President-elect Donald Trump has named Republican Representative Mick Mulvaney of South Carolina to be director of the Office of Management Budget, placing a confirmed opponent of Medicaid, Medicare and Social Security in the top fiscal policy-making position in the new administration.

The 49-year-old Mulvaney came to Congress in 2010 as part of the right-wing Tea Party faction promoted by the Koch brothers and other Republican billionaires, taking advantage of popular hostility to the enactment of Obama’s health care legislation. One of his first actions was to oppose the bipartisan budget deal in 2011 between congressional Republicans and Obama. He advocated that the Republicans force the US Treasury to default rather than agree to raising the debt ceiling.

From then on he was active in the most right-wing faction of the House Republicans, the so-called House Freedom Caucus, which supported a shutdown of the federal government in 2013 to force repeal of Obamacare, and later carried out a rebellion that forced out House Speaker John Boehner. He moved closer to the House Republican leadership under Boehner’s successor, Paul Ryan, who hailed his selection as White House budget chief.

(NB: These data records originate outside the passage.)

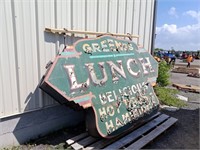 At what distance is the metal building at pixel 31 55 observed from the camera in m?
2.49

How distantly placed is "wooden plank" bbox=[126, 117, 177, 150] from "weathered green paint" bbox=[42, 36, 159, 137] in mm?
294

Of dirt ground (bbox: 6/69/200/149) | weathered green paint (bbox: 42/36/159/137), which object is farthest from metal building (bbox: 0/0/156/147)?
weathered green paint (bbox: 42/36/159/137)

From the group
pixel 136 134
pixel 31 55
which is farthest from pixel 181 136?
pixel 31 55

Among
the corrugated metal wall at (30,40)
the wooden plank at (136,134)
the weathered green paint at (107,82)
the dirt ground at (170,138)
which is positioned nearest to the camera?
the corrugated metal wall at (30,40)

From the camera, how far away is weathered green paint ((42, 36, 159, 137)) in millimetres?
2611

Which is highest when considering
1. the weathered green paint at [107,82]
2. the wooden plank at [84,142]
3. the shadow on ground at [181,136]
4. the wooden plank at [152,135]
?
the weathered green paint at [107,82]

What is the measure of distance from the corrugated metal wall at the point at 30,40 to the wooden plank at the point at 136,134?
123cm

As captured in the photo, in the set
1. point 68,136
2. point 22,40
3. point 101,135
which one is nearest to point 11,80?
point 22,40

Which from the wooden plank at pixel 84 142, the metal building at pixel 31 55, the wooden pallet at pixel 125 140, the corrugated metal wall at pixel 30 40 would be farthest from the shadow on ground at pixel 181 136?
the corrugated metal wall at pixel 30 40

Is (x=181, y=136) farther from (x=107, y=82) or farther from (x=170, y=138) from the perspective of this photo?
(x=107, y=82)

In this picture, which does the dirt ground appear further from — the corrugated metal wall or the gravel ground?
the corrugated metal wall

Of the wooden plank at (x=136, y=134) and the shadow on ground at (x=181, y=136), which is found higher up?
the wooden plank at (x=136, y=134)

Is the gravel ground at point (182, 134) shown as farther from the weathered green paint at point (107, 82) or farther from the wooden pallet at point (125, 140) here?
the weathered green paint at point (107, 82)

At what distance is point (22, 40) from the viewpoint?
2580 millimetres
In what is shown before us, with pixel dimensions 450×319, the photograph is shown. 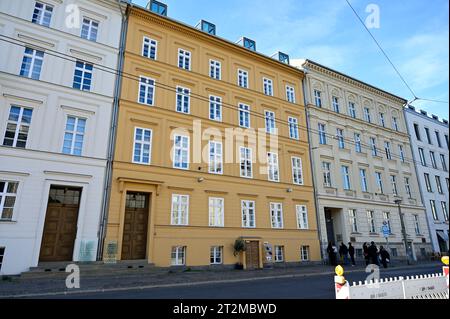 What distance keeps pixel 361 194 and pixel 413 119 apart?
1670 cm

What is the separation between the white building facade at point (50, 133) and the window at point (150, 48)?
2.67m

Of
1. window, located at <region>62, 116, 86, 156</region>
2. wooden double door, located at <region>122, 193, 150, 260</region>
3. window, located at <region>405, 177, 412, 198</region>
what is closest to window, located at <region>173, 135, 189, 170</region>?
wooden double door, located at <region>122, 193, 150, 260</region>

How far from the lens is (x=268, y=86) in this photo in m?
26.7

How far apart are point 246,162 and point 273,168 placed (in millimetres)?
2577

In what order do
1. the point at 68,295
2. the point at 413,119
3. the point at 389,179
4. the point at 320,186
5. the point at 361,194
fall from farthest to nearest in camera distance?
the point at 413,119 < the point at 389,179 < the point at 361,194 < the point at 320,186 < the point at 68,295

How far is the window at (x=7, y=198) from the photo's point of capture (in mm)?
14341

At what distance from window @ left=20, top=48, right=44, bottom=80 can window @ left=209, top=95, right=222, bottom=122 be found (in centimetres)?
1085

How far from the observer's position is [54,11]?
18344 millimetres

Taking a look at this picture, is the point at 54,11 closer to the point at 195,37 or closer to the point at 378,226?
the point at 195,37

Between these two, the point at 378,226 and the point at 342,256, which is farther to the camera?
the point at 378,226

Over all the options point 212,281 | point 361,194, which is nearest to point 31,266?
point 212,281

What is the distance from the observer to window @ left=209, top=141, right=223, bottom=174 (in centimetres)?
2109

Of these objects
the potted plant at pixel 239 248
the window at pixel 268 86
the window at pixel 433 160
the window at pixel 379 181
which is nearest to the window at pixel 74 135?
the potted plant at pixel 239 248

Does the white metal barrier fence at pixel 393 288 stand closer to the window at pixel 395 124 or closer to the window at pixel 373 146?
the window at pixel 373 146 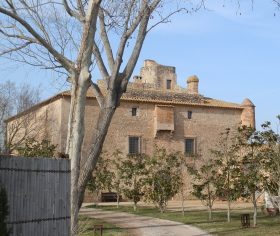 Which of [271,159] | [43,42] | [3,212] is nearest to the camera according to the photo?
[3,212]

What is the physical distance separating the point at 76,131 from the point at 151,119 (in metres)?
28.3

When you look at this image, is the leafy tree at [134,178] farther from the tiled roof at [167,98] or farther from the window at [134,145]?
the tiled roof at [167,98]

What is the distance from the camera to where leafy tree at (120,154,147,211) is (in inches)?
1065

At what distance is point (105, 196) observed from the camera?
115 ft

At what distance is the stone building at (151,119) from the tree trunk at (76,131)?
78.4ft

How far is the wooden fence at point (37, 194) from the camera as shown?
690cm

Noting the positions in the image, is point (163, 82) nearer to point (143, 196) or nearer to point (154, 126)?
point (154, 126)

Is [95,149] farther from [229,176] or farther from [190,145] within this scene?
[190,145]

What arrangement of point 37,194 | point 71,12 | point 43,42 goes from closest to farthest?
1. point 37,194
2. point 43,42
3. point 71,12

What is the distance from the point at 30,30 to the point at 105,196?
2557 centimetres

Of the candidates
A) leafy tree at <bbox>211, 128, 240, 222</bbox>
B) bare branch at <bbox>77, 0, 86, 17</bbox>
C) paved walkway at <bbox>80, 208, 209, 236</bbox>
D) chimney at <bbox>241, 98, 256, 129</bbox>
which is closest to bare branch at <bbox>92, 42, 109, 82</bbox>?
bare branch at <bbox>77, 0, 86, 17</bbox>

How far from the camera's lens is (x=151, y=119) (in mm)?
38625

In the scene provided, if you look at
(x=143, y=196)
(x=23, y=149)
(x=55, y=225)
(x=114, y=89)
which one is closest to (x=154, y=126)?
(x=143, y=196)

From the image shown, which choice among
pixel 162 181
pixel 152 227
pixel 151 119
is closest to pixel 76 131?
pixel 152 227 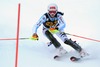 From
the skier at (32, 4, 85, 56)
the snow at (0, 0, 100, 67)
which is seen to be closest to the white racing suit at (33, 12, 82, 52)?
the skier at (32, 4, 85, 56)

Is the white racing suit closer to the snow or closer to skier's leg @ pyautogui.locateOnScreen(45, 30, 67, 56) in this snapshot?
skier's leg @ pyautogui.locateOnScreen(45, 30, 67, 56)

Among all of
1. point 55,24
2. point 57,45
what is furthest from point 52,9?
point 57,45

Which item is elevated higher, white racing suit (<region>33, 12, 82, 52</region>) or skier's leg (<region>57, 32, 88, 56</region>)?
white racing suit (<region>33, 12, 82, 52</region>)

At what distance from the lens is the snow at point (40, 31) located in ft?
8.87

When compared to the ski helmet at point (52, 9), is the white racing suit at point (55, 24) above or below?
below

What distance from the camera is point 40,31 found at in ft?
11.1

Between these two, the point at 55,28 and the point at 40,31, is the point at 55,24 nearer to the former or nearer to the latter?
the point at 55,28

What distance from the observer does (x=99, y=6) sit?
157 inches

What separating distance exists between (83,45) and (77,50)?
0.78ft

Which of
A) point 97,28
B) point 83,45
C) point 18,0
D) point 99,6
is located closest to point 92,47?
point 83,45

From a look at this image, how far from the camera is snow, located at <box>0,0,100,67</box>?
2.71 meters

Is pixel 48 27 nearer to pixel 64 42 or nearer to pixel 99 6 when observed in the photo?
pixel 64 42

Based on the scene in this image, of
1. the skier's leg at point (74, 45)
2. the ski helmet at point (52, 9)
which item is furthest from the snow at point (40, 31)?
the ski helmet at point (52, 9)

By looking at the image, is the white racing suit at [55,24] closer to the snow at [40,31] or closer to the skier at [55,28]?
the skier at [55,28] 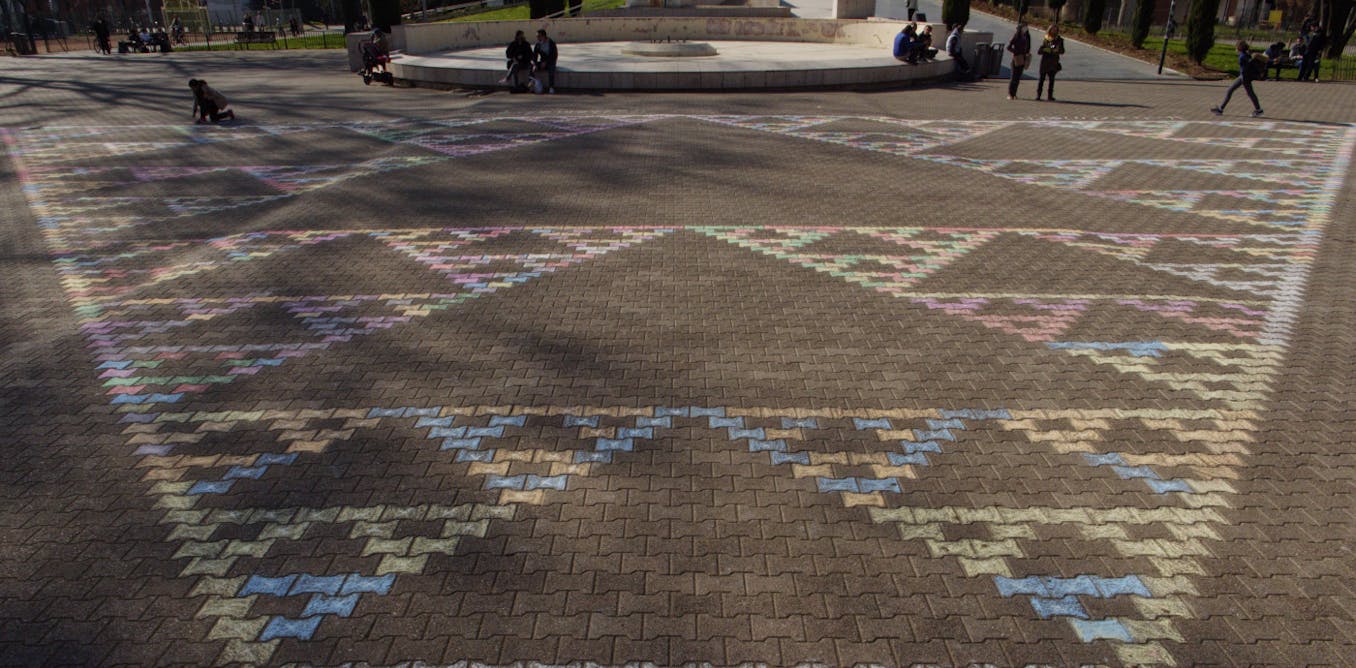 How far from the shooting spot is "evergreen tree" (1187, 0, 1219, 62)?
76.1 feet

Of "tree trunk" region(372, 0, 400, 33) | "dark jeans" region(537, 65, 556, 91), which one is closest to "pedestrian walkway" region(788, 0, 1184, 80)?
"dark jeans" region(537, 65, 556, 91)

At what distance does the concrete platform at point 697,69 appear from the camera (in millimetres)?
20047

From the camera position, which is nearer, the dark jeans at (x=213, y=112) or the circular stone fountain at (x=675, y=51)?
the dark jeans at (x=213, y=112)

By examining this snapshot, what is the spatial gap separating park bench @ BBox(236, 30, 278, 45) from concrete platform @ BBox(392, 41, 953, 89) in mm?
17662

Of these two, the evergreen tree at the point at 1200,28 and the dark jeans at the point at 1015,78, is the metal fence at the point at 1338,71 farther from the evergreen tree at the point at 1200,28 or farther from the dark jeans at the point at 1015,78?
the dark jeans at the point at 1015,78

In a statement Saturday announcing the appointment, Trump declared, “Right now we are nearly $20 trillion in debt, but Mick is a very high-energy leader with deep convictions for how to responsibly manage our nation’s finances and save our country from drowning in red ink.”

Mulvaney’s convictions revolve around slashing entitlement programs like Medicare and Social Security, the largest single non-military areas of federal spending. In accepting the nomination, he said the Trump administration “will restore budgetary and fiscal sanity back in Washington after eight years of an out-of-control, tax and spend financial agenda, and will work with Congress to create policies that will be friendly to American workers and businesses.”

This is political code for cutting federal social spending drastically, to pay for further tax cuts for the wealthy and big business. Trump has pledged to cut the corporate tax rate from 35 percent to only 15 percent, a windfall for the rich that will come out the health care and retirement money of tens of millions of elderly and disabled working people.

Mulvaney endorsed Senator Rand Paul of Kentucky for the Republican presidential nomination, not turning to Trump until Speaker Paul Ryan finally did so in June.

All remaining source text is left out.